We have been wanting to do the White Rim ride for some time and figured that there is no time like the present. We have contemplated a REALLY long one day adventure, but have now decided that it would be more enjoyable over 3 days with guides and support.

I believe *akexpress* has done this ride with a group of tandems (last year?) and said that Magpie Adventures was great.

So here's the deal. We will likely go anyway, but are hoping to recruit some other tandems. Hoping to recruit at tandem or two. There are still dates available in April or May, but I know they fill up! Any takers?

From their website:
Magpie Cycling Adventures: White Rim Trail 3-day Mountain Bike Tour - Canyonlands, Utah

Duration: 3 day Tour
Price: WR 3-day MTB Tour $795/person: $795.00

Skill Level: Intermediate

The White Rim Trail is a Canyon Country Classic Multi-Day Mountain Bike Ride with grand descents, miles of cruising, demanding climbs, exquisite views and great hiking. For MTB riders a 3-day tour on the White Rim Trail will test your skills and max-out your fun-meter; it's simply the premier ride of the desert southwest! Located in Canyonlands National Park and sandwiched between the Green & Colorado Rivers, you will be far away from crowds in an enormously scenic place. Our ride begins on top of a 6,000' plateau and then descends a course of switchbacks to the White Rim Trail a thousand feet below. This route follows the contours of immense red rock canyons and overlooks the Colorado River hundreds of feet below. As far as the eye can see, the horizon is a maze of undulating canyons; rugged, remote and beautiful.

The White Rim Trail is a rugged 82-mile jeep road with packed dirt, slickrock, and loose sand - all the tread surfaces you can anticipate on a great day of desert riding.

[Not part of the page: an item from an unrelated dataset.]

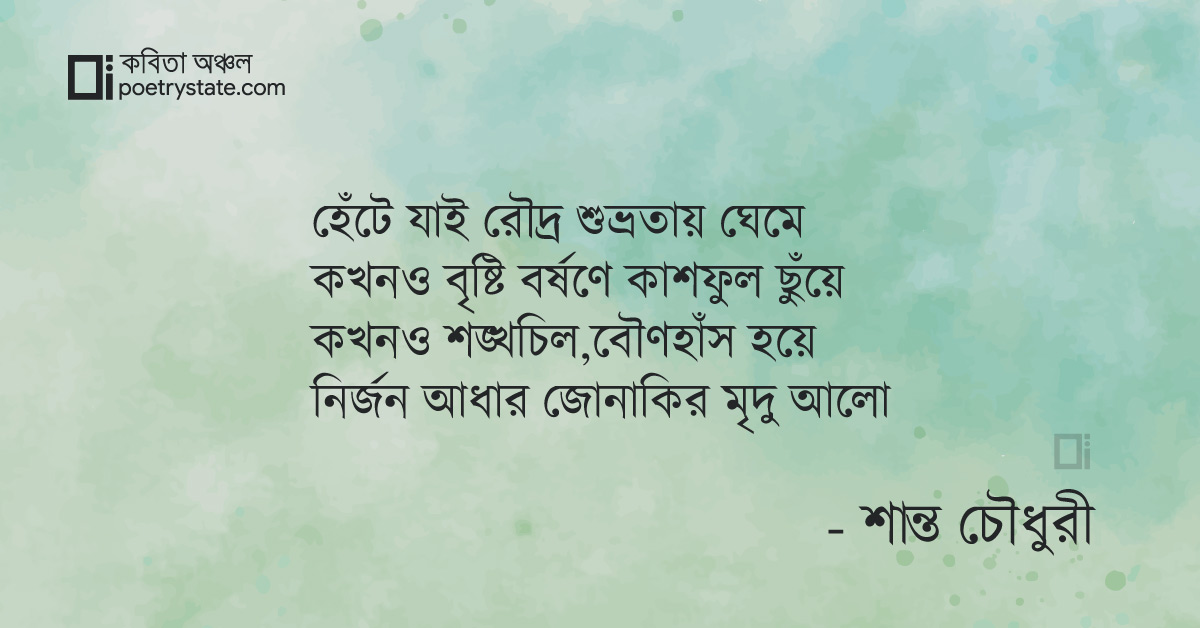বাংলা কবিতা, হেঁটে যাই কবিতা, কবি %customfield(cpoet_name)% | কবিতা অঞ্চল বাংলা কবিতা, হেঁটে যাই কবিতা, কবি %customfield(cpoet_name)% | কবিতা অঞ্চল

This tour is suitable for experienced beginners through advanced riders who are in good physical condition and able to ride 4-6 hours a day. You can ride at your own speed so more accomplished riders can push for a work out and recreational riders can find a comfortable pace. These three days are yours for riding, hiking slot canyons, viewing ancient ruins, taking a dip in the river, sleeping out under the stars or just kicking back at camp and taking in the spectacular views. Our meals are delicious, and our Guides are seasoned professionals who will help you make this the best weekend of riding you've ever had!


----------



## akexpress (Dec 19, 2010)

We highly recommend this ride. We did the 4 day version but the 3 day tour would be great for tandems. It is not overly technical but does have two steep climbs not very long but a challenge for traction. The riding and scenery is spectacular and the guides do a great job. The food is unbelievable considering they do all of it with dutch ovens. We have also done the Maze and Kokepelli trails with Magpie. Mike has modified their van to accommodate hauling tandems. We had one hardtail and the rest were full suspension tandems. You don't want to miss the slot canyon hike in the middle of the trip. We are planning another trip with them this fall.


----------



## rhxpro (Oct 9, 2006)

Sounds interesting I'd have to get some dates and check with the Wifey


----------



## Trails4Two (May 12, 2008)

Dan - we are also looking at planning a low-budget White Rim with GJ folks. We could combine or we could ride it twice!


----------